_Your assignment_:
Set each entry down exactly as written.

Records to process below:

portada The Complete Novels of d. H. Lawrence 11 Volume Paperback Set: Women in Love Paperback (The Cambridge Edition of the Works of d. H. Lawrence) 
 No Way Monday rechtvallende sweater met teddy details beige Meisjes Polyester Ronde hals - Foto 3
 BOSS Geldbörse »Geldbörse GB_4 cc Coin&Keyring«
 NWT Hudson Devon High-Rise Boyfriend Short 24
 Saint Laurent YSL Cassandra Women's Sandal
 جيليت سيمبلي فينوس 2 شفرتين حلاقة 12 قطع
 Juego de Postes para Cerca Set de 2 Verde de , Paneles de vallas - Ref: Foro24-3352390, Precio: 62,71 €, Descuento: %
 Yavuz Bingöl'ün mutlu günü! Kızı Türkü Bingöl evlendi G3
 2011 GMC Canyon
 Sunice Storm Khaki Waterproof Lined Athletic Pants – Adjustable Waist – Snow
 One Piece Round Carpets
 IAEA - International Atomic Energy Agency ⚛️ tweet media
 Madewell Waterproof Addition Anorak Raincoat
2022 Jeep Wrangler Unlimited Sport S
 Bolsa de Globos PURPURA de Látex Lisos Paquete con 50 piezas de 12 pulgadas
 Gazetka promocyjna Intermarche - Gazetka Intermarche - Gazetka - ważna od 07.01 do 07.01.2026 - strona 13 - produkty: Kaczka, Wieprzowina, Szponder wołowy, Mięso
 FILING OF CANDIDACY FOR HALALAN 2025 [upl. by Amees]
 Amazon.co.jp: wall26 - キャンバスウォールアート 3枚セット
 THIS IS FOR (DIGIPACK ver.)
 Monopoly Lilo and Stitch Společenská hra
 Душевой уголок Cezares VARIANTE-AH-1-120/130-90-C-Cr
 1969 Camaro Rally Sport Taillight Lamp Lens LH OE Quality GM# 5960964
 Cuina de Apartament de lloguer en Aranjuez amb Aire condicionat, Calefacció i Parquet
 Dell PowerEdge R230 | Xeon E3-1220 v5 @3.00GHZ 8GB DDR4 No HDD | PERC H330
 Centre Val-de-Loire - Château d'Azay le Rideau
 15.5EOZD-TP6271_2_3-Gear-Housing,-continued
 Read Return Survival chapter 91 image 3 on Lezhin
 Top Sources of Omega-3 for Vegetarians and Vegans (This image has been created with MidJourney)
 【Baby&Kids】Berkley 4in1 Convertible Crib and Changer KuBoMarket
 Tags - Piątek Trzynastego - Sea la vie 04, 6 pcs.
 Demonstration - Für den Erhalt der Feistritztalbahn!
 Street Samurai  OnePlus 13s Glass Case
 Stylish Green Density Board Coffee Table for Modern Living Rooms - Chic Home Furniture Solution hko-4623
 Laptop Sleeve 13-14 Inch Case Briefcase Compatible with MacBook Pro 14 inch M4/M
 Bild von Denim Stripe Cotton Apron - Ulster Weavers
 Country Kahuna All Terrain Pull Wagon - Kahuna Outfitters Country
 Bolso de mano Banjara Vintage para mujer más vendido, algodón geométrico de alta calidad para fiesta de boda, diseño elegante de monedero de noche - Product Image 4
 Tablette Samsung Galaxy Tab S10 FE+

End of Records to process.

_Response area_:
portada The Complete Novels of d. H. Lawrence 11 Volume Paperback Set: Women in Love Paperback (The Cambridge Edition of the Works of d. H. Lawrence) 
 No Way Monday rechtvallende sweater met teddy details beige Meisjes Polyester Ronde hals - Foto 3
 BOSS Geldbörse »Geldbörse GB_4 cc Coin&Keyring«
 NWT Hudson Devon High-Rise Boyfriend Short 24
 Saint Laurent YSL Cassandra Women's Sandal
 جيليت سيمبلي فينوس 2 شفرتين حلاقة 12 قطع
 Juego de Postes para Cerca Set de 2 Verde de , Paneles de vallas - Ref: Foro24-3352390, Precio: 62,71 €, Descuento: %
 Yavuz Bingöl'ün mutlu günü! Kızı Türkü Bingöl evlendi G3
 2011 GMC Canyon
 Sunice Storm Khaki Waterproof Lined Athletic Pants – Adjustable Waist – Snow
 One Piece Round Carpets
 IAEA - International Atomic Energy Agency ⚛️ tweet media
 Madewell Waterproof Addition Anorak Raincoat
2022 Jeep Wrangler Unlimited Sport S
 Bolsa de Globos PURPURA de Látex Lisos Paquete con 50 piezas de 12 pulgadas
 Gazetka promocyjna Intermarche - Gazetka Intermarche - Gazetka - ważna od 07.01 do 07.01.2026 - strona 13 - produkty: Kaczka, Wieprzowina, Szponder wołowy, Mięso
 FILING OF CANDIDACY FOR HALALAN 2025 [upl. by Amees]
 Amazon.co.jp: wall26 - キャンバスウォールアート 3枚セット
 THIS IS FOR (DIGIPACK ver.)
 Monopoly Lilo and Stitch Společenská hra
 Душевой уголок Cezares VARIANTE-AH-1-120/130-90-C-Cr
 1969 Camaro Rally Sport Taillight Lamp Lens LH OE Quality GM# 5960964
 Cuina de Apartament de lloguer en Aranjuez amb Aire condicionat, Calefacció i Parquet
 Dell PowerEdge R230 | Xeon E3-1220 v5 @3.00GHZ 8GB DDR4 No HDD | PERC H330
 Centre Val-de-Loire - Château d'Azay le Rideau
 15.5EOZD-TP6271_2_3-Gear-Housing,-continued
 Read Return Survival chapter 91 image 3 on Lezhin
 Top Sources of Omega-3 for Vegetarians and Vegans (This image has been created with MidJourney)
 【Baby&Kids】Berkley 4in1 Convertible Crib and Changer KuBoMarket
 Tags - Piątek Trzynastego - Sea la vie 04, 6 pcs.
 Demonstration - Für den Erhalt der Feistritztalbahn!
 Street Samurai  OnePlus 13s Glass Case
 Stylish Green Density Board Coffee Table for Modern Living Rooms - Chic Home Furniture Solution hko-4623
 Laptop Sleeve 13-14 Inch Case Briefcase Compatible with MacBook Pro 14 inch M4/M
 Bild von Denim Stripe Cotton Apron - Ulster Weavers
 Country Kahuna All Terrain Pull Wagon - Kahuna Outfitters Country
 Bolso de mano Banjara Vintage para mujer más vendido, algodón geométrico de alta calidad para fiesta de boda, diseño elegante de monedero de noche - Product Image 4
 Tablette Samsung Galaxy Tab S10 FE+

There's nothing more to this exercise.